Burdge and colleagues report their discovery today in Nature. The study’s co-authors include collaborators from multiple institutions, including the Harvard and Smithsonian Center for Astrophysics.

Sky search

The astronomers discovered the new system within a vast catalog of stars, observed by the Zwicky Transient Facility (ZTF), a survey that uses a camera attached to a telescope at the Palomar Observatory in California to take high-resolution pictures of wide swaths of the sky.
The Zwicky Transient Facility (ZTF) is a public-private partnership aimed at a systematic study of the optical night sky. Using an extremely wide-field-of-view camera, ZTF scans the entire Northern sky every two days. The resulting large-area survey helps enable the astronomical community to pursue a broad range of time-domain science ranging from near-Earth asteroids to the study of distant superluminous supernovae.

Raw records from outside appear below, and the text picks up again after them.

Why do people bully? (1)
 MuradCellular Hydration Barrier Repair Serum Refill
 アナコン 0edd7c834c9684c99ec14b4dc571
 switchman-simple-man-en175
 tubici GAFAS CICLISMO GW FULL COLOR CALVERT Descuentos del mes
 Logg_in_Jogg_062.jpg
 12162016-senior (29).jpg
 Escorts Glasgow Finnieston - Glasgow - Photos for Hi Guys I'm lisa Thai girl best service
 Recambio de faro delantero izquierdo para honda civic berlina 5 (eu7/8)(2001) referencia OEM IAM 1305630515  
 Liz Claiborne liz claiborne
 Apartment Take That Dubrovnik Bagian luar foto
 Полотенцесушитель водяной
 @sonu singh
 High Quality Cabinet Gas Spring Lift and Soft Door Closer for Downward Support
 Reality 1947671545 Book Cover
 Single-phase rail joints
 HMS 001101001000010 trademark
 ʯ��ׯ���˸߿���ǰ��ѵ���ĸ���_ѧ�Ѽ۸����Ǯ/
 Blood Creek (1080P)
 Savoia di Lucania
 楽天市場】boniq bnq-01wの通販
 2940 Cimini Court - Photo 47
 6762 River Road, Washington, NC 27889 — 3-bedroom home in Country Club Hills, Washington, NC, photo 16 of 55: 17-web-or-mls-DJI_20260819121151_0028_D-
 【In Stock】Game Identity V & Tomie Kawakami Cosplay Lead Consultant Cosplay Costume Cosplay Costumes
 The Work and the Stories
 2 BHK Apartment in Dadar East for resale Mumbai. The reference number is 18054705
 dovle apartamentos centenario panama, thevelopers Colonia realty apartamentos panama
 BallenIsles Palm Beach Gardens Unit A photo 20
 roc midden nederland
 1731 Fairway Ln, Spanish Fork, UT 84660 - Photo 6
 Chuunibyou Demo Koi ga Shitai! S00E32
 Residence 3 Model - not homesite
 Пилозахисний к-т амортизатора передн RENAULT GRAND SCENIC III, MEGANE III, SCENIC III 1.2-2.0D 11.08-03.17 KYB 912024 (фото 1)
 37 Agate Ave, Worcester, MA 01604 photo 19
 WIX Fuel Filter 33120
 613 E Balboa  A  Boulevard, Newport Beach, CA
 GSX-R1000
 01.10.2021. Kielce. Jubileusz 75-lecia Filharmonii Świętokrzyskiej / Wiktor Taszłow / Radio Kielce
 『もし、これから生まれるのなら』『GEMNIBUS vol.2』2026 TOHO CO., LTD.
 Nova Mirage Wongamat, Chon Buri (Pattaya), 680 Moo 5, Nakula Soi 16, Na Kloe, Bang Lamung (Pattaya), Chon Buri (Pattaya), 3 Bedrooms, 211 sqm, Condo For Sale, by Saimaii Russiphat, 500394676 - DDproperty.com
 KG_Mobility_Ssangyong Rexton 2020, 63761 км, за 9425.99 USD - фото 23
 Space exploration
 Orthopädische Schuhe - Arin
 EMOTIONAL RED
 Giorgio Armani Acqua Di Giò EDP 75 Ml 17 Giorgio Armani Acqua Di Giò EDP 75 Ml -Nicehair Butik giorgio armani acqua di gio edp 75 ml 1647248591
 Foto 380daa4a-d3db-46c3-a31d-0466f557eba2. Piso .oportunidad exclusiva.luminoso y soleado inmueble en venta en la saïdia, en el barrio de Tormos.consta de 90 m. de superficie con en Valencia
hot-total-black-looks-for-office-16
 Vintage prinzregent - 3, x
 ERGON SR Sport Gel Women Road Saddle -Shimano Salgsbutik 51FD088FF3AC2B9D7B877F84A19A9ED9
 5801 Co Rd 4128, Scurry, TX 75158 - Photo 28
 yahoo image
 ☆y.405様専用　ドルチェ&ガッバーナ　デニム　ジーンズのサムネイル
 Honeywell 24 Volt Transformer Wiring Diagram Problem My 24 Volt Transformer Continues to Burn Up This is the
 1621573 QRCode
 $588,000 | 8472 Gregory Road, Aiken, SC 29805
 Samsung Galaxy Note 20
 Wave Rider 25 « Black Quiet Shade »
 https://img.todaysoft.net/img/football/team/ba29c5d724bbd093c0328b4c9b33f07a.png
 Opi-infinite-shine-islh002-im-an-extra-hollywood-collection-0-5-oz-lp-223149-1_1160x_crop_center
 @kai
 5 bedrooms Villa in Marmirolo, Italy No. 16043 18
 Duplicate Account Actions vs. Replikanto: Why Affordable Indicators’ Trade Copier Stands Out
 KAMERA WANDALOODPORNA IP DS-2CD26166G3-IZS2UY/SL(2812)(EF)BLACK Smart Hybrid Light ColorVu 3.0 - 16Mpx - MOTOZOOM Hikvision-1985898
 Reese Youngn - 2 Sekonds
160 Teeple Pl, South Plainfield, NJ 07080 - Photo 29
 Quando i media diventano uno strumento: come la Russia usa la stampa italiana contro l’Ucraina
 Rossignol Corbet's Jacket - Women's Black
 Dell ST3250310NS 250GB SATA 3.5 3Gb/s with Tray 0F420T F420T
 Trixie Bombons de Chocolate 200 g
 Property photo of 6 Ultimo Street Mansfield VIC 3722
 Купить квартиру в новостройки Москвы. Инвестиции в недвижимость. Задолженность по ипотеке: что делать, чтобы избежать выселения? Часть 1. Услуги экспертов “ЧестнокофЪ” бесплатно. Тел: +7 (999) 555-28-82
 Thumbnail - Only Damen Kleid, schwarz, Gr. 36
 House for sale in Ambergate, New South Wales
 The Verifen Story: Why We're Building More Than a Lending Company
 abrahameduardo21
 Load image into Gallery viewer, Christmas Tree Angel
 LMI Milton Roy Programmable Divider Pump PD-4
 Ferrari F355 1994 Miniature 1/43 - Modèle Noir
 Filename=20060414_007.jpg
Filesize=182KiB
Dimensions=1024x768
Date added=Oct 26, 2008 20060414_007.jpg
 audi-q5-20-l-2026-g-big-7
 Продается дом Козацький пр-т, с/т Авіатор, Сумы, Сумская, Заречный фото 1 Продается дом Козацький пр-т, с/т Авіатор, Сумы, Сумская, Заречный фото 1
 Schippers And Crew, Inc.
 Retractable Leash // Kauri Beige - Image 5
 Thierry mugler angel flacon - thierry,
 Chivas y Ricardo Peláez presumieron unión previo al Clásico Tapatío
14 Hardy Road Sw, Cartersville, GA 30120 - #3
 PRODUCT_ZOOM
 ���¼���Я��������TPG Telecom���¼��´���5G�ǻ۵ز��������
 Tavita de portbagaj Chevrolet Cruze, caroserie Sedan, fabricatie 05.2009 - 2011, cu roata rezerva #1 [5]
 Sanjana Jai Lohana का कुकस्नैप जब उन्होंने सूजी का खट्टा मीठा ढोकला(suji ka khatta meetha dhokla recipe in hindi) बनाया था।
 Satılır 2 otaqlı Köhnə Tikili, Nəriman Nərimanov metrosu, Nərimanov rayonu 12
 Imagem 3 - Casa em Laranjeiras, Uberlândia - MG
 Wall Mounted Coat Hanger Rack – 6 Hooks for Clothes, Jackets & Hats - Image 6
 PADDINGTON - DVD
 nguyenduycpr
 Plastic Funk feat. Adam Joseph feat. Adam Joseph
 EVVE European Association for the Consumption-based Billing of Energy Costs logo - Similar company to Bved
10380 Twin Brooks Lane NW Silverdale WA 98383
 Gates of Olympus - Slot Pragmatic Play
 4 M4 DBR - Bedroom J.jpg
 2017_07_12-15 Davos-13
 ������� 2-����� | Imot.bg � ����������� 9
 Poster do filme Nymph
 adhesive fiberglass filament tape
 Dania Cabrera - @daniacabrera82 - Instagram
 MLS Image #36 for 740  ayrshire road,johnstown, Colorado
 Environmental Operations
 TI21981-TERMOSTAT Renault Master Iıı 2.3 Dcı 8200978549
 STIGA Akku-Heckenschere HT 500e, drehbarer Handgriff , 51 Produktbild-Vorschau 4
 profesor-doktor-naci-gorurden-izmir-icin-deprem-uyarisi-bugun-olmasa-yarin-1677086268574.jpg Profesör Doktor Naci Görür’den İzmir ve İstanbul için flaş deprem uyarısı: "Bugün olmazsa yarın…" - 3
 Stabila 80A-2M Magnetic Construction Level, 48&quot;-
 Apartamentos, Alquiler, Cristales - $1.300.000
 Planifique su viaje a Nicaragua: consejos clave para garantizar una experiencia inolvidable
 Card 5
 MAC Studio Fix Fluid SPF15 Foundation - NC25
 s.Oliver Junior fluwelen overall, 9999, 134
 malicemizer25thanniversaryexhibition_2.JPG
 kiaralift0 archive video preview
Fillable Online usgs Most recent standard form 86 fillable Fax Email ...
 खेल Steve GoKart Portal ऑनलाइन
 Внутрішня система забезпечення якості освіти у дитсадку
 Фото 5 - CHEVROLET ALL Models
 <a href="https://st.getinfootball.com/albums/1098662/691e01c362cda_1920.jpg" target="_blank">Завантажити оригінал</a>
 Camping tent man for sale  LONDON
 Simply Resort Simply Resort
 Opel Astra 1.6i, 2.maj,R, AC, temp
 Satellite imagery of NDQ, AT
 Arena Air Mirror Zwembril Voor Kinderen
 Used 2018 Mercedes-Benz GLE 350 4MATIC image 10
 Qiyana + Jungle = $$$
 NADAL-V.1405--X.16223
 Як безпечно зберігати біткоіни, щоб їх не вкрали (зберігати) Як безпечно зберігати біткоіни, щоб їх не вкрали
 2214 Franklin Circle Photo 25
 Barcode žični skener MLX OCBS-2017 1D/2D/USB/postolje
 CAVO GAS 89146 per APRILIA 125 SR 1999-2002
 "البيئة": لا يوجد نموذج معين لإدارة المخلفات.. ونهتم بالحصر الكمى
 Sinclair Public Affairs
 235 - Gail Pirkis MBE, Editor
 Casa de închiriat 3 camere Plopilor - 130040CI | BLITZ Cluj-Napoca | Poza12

The survey has taken more than 1,000 images of each of the more than 1 billion stars in the sky, recording each star’s changing brightness over days, months, and years.

Burdge combed through the catalog, looking for signals of systems with ultrashort orbits, the dynamics of which can be so extreme that they should give off dramatic bursts of light and emit gravitational waves.
“Gravitational waves are allowing us to study the universe in a totally new way,” says Burdge, who is searching the sky for new gravitational-wave sources.

For this new study, Burdge looked through the ZTF data for stars that appeared to flash repeatedly, with a period of less than an hour — a frequency that typically signals a system of at least two closely orbiting objects, with one crossing the other and briefly blocking its light.

He used an algorithm to weed through over 1 billion stars, each of which was recorded in more than 1,000 images. The algorithm sifted out about 1 million stars that appeared to flash every hour or so. Among these, Burdge then looked by eye for signals of particular interest. His search zeroed in on ZTF J1813+4251 — a system that resides about 3,000 light years from Earth, in the Hercules constellation.

“This thing popped up, where I saw an eclipse happening every 51 minutes, and I said, OK, this is definitely a binary,” Burdge recalls.